アパートなどを一棟まるごと売却する場合には、入居者の立ち退きが必要となります。立ち退きをしてくれない物件の売却方法や対処法について見ていきましょう。

立ち退きをしてもらうまでの流れ

入居者に立ち退きを求める場合には、以下のような流れが一般的となります。

  1. 立ち退きの理由を入居者に説明する
  2. 立ち退き料の交渉を進める
  3. 退去に向けた手続きを行う
  4. アパートを売却する

まずは立ち退き理由を書面で入居者に伝え、書面の送付後には入居者一人ひとりに直接説明して、納得してもらいましょう。入居者には立ち退きを断るという選択肢もありますから、少しでも理解を得られるよう、丁寧に対応しましょう。

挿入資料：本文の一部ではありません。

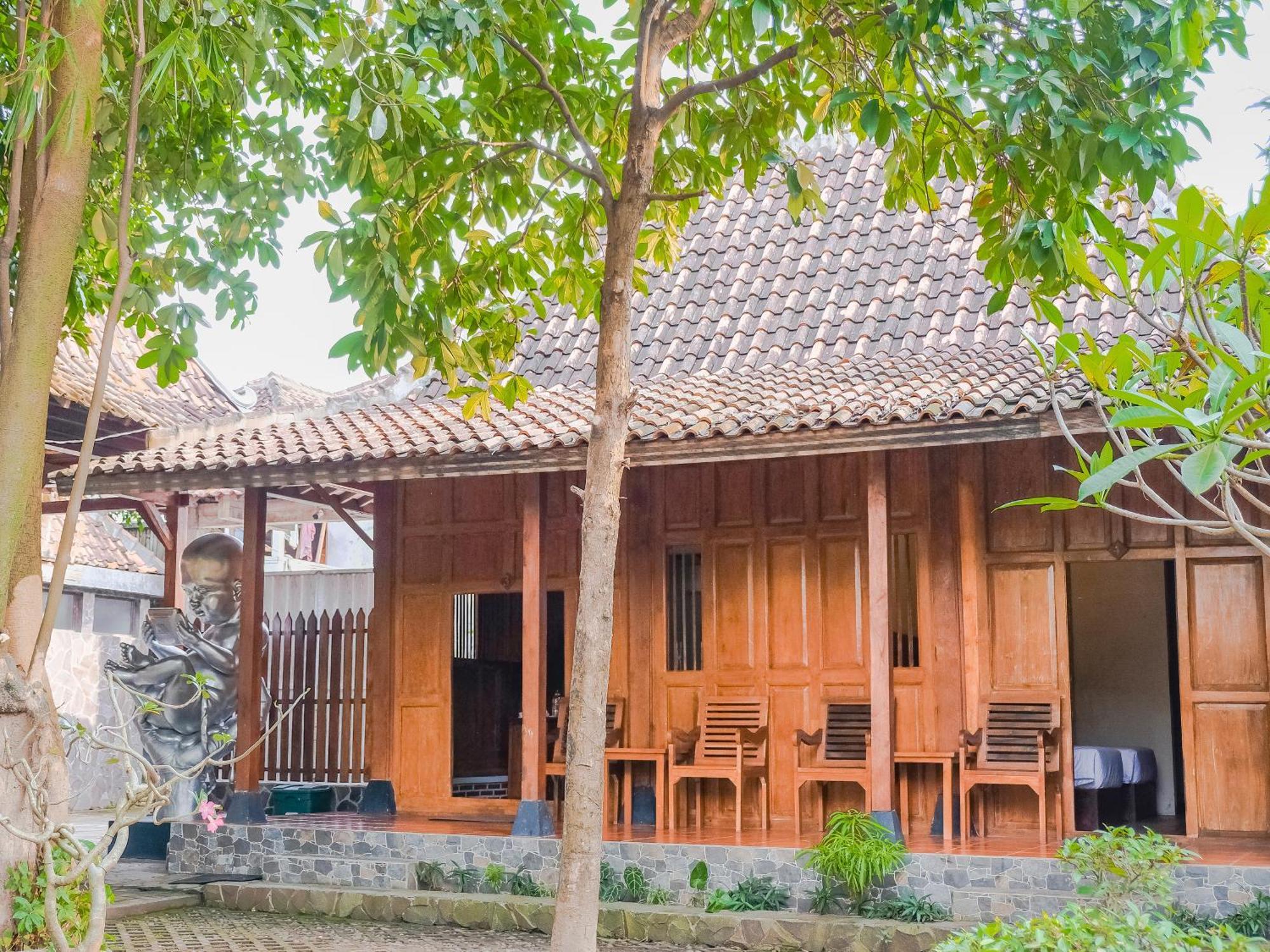 Pendhapa Art Space - Pas Limasan Homestay Prawirotaman 외부 사진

説明の後には、引っ越し先の初期費用や引っ越し業者の手配といった入居者の費用負担が発生するため、速やかに応じて貰えるように立ち退き料を提案します。引っ越し先の敷金・礼金・前払い家賃に加えて、引っ越し費用なども含めた立ち退き料が必要です。

立ち退き料の交渉がまとまり次第、退去に向けた手続きを始めます。契約解除の手続きを行い、入居者が気持ちよく退去できるように原状回復費用を免除して敷金を返還するなどの工夫もよく用いられます。

入居者が退去した後は、いよいよアパートを売却します。

立ち退きしてくれない物件の売却方法

どうしても立ち退き交渉が上手くいかなかった場合は、売却後の買主に立ち退き交渉を任せるという方法もあります。売主は立ち退き交渉にかかる負担を軽減できる一方で、売却価格の減額交渉を受けるなど、買主へのメリットを調整する必要が出てきます。

ただし、基本的にはアパートを売却する際は一人残らず退去させることが必要です。

もしどうしても立ち退きに応じてくれない場合は…?

入居者が立ち退きに応じてくれないと、どんどん売り時を逃してしまいます。立ち退き料を上乗せするなどして、入居者が立ち退きにメリットを感じられるよう工夫する必要があるでしょう。

定期借家契約の場合には、契約した時点で契約期限が定められているため、期間満了後も住み続ける場合には入居者側に非があります。退去の最低6か月前までに通告をしておき、その上で尚立ち退きを拒否する場合には「異議申し立て」を行うことができます。

普通借家契約の場合には、2年ごとに契約が更新されるのが一般的です。この契約では入居者の権利が守られており、入居者が希望する限りは契約の更新が可能となります。ただしオーナーが契約の更新を希望せず立ち退きを希望しているのに出ていってくれない場合には、期間満了後に正当事由を明確化させた上で異議申し立てを行うのが良いでしょう。

最終手段として、「建物明渡請求訴訟」を裁判所に提訴する方法があります。オーナーと入居者が出廷し、立ち退き条件の話し合いを進めます。和解すれば和解調書の、判決が下された場合には確定判決の内容に従い、確定判決がある場合は期日までに退去しないと強制執行が行われます。